Phred, however, works with data after it’s been stored in a chromatogram file by the sequencing instrument. This is nice, because you can base-call all your data with the same program and get comparable quality values. At least that’s what I thought.
[The quality data and "traces" that you get from 454 flowgrams are a completely different thing and a subject for another day.]
What I learned by following advice and looking at my data:
First, as my commenter suggested, there are dye blobs at the beginning of the sequence. (Those are the very tall peaks at the beginning of the graph.)
2. Second, the overall signal strength might be a bit low – I had to increase the vertical height in FinchTV to see the peaks appear more clearly. The signal strengths were: A = 231, C = 194, G = 201, and T = 121.
Still both KB and phred were interpreting the same trace, although differently. If I compare the trace from KB and from phred, I can line up the peaks and see that the two plots are basically the same.
3. Third, phred appears to be making a lot of mistakes. For some reason, phred missed many of the A’s and G’s. I went through and counted all the base calls (in this stretch) that disagreed with the trace (light blue, below) and I found that 44 out of 75 (or 59%) of the base calls disagreed between the phred base call and the peak that was shown in the trace. The color of the peak corresponds should correspond to the base call (Green = A, Blue = C, Red = T, Black = G).
In contrast, the bases that are called by the KB basecaller are consistent with the peaks that I see in the trace. Wherever there’s a black peak, for instance, I see a “g,” wherever there’s a green peak, I see an “a.” This is how it should work.
One thing is good though, at least phred knew that it wasn’t doing a good job with identifying the bases. Phred gave all these bases low quality scores. (A low quality score indicates a higher probability of a mistake). You can see in the graph that all the quality scores are below the blue line. (The blue line at the top marks the Q20 point, where only 1 base in 100 would be expected to be miscalled).
So, even if phred failed to identify the bases, phred was correct in assessing it’s ability to identify them. It said there was a higher probability of miscalling bases and it was right.
(Sorry about anthropomorphizing the algorithm, of course the program doesn’t know that it’s making a mistake. It’s just easier for me to describe it that way.)

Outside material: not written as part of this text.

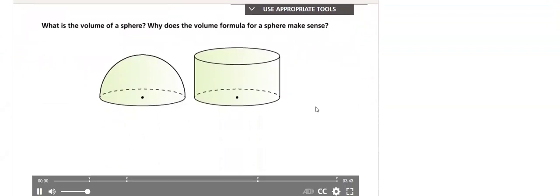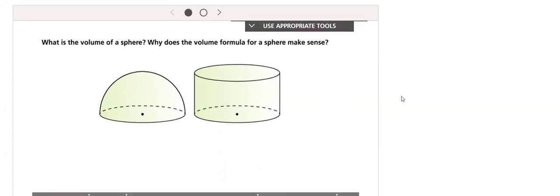What is the volume of a sphere? Why does the volume formula for a sphere make sense? We will use half of a sphere and a cylinder to help us answer these questions.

What’s the take home lesson?
1. I’m certainly grateful that are smart people who read this blog!
2. I really, really, really wish I could get original chromatogram data from the NCBI trace archive, so that I could either look at the original base calls or mess with the base callers and work out a good way to process it myself.
3. In cases where I have data from a 3730 DNA sequencing instrument, I might be more inclined to use the KB base calls. At least until I look at some more data and have a better feeling for it.
4. And – yes, when in doubt, I will always take a closer look at the traces.